The entries are to be repeated exactly, with all pictures omitted.

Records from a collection
▬▬▬▬▬▬
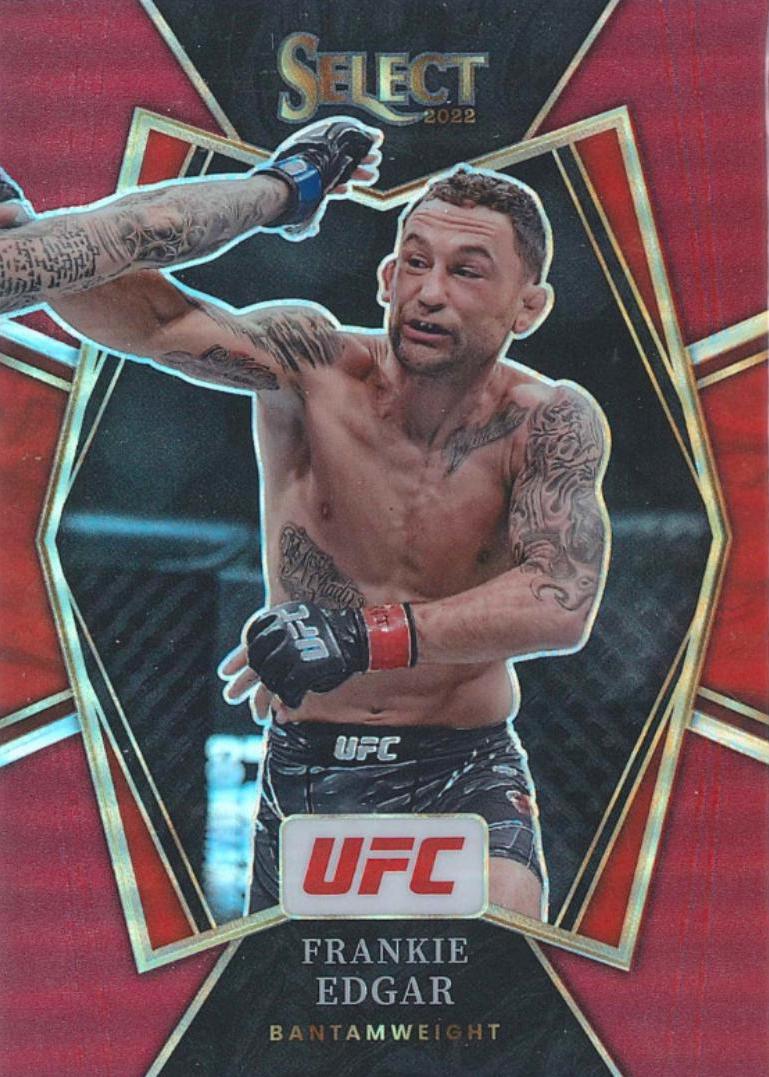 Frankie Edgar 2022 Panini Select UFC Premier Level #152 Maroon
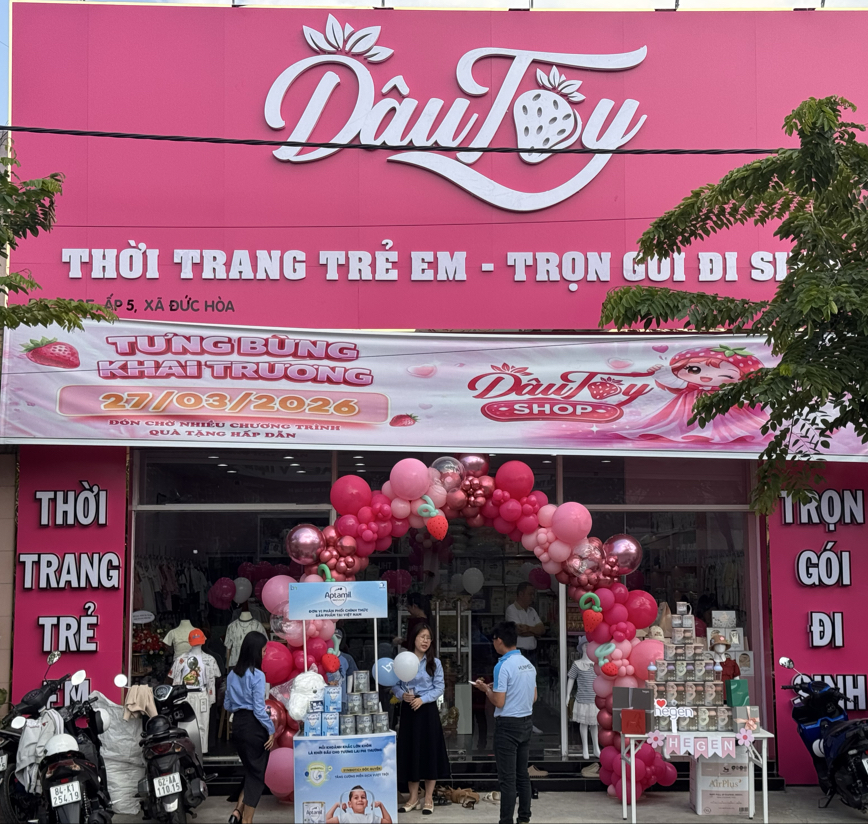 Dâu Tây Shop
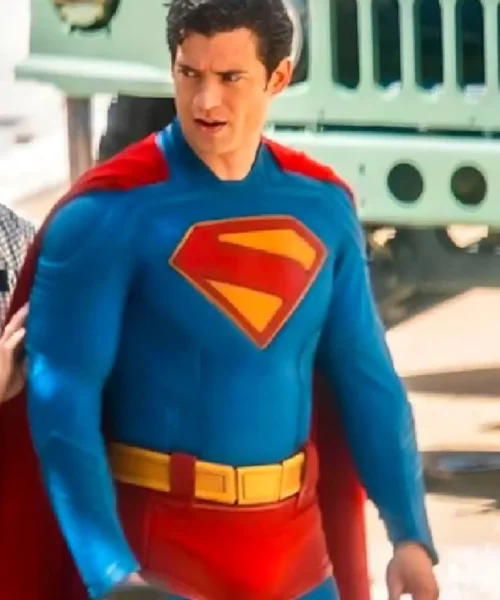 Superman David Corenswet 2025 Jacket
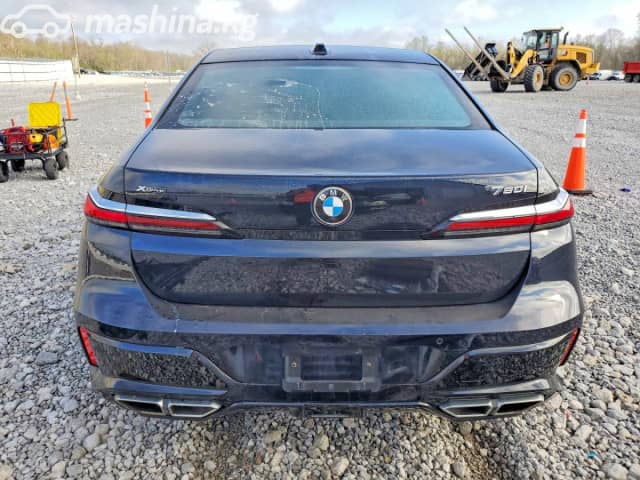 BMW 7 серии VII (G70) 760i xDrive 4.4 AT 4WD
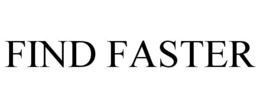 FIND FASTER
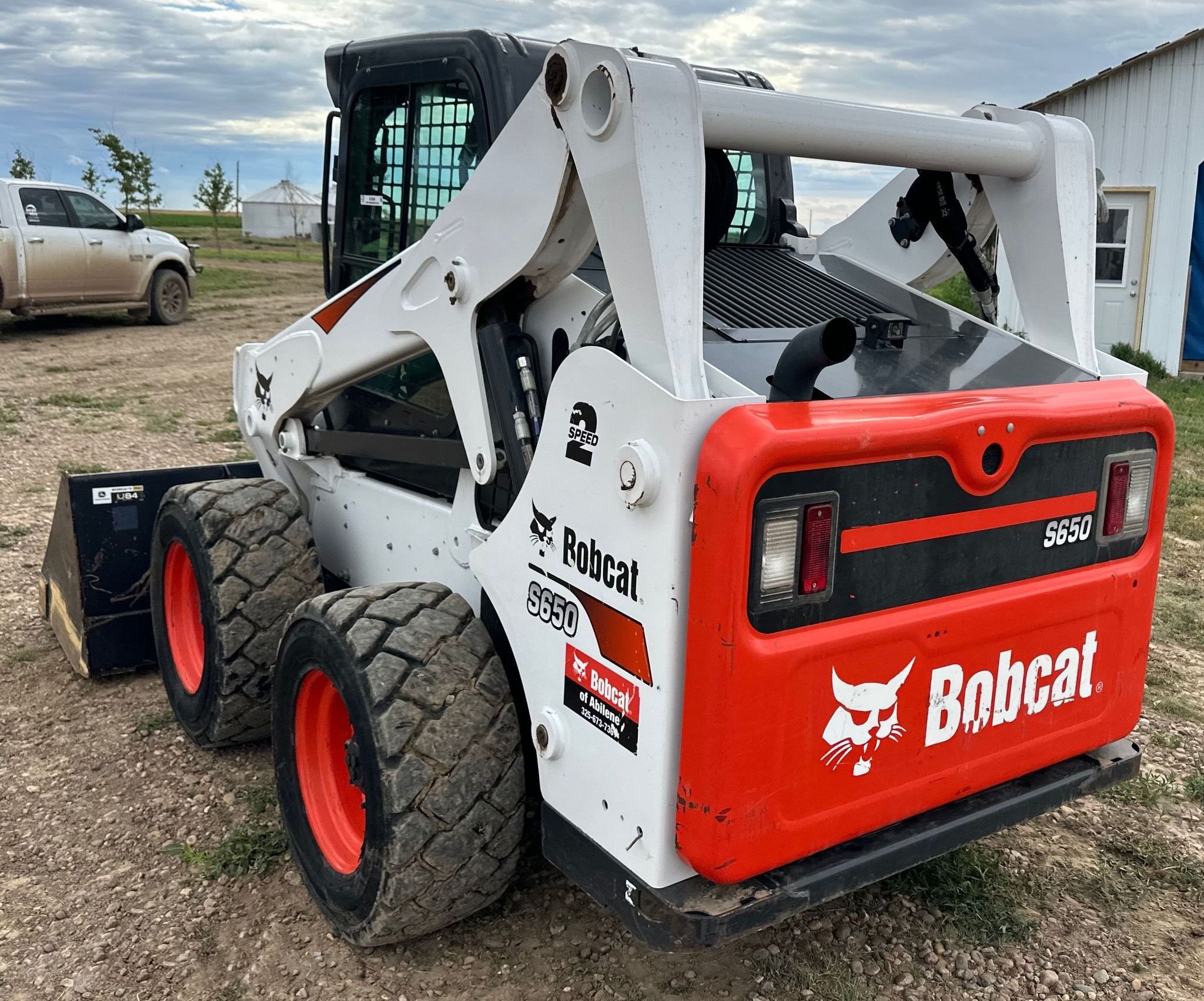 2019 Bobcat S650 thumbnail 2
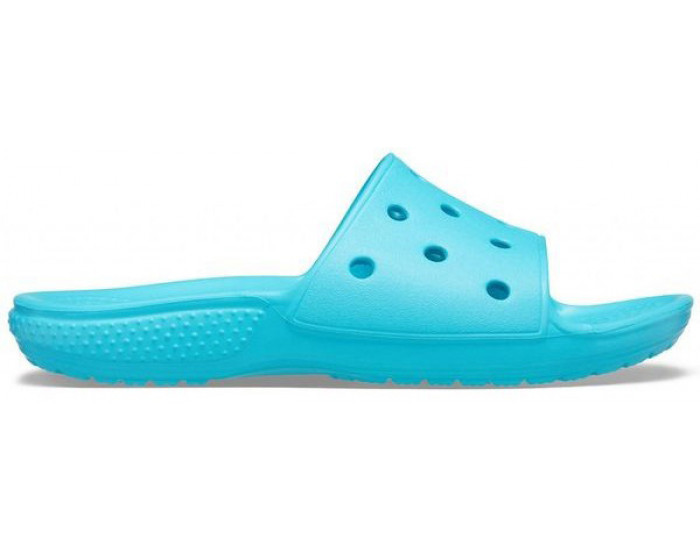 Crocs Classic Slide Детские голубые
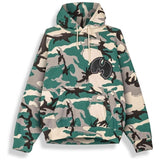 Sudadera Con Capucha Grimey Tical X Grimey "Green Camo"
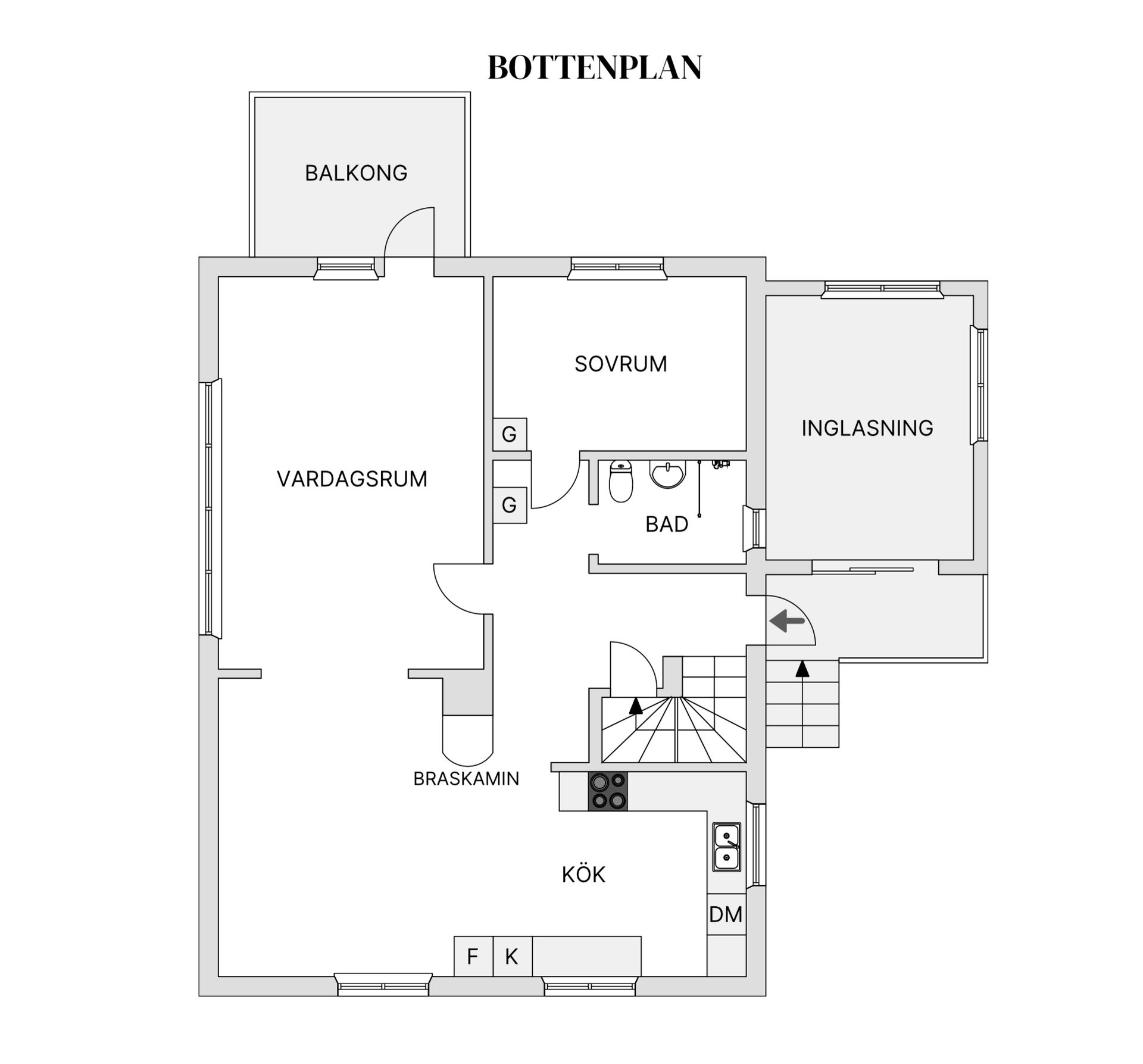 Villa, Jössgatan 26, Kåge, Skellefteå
▬▬▬▬▬▬
§ **Answer box**:
 Frankie Edgar 2022 Panini Select UFC Premier Level #152 Maroon
 Dâu Tây Shop
 Superman David Corenswet 2025 Jacket
 BMW 7 серии VII (G70) 760i xDrive 4.4 AT 4WD
 FIND FASTER
 2019 Bobcat S650 thumbnail 2
 Crocs Classic Slide Детские голубые
 Sudadera Con Capucha Grimey Tical X Grimey "Green Camo"
 Villa, Jössgatan 26, Kåge, Skellefteå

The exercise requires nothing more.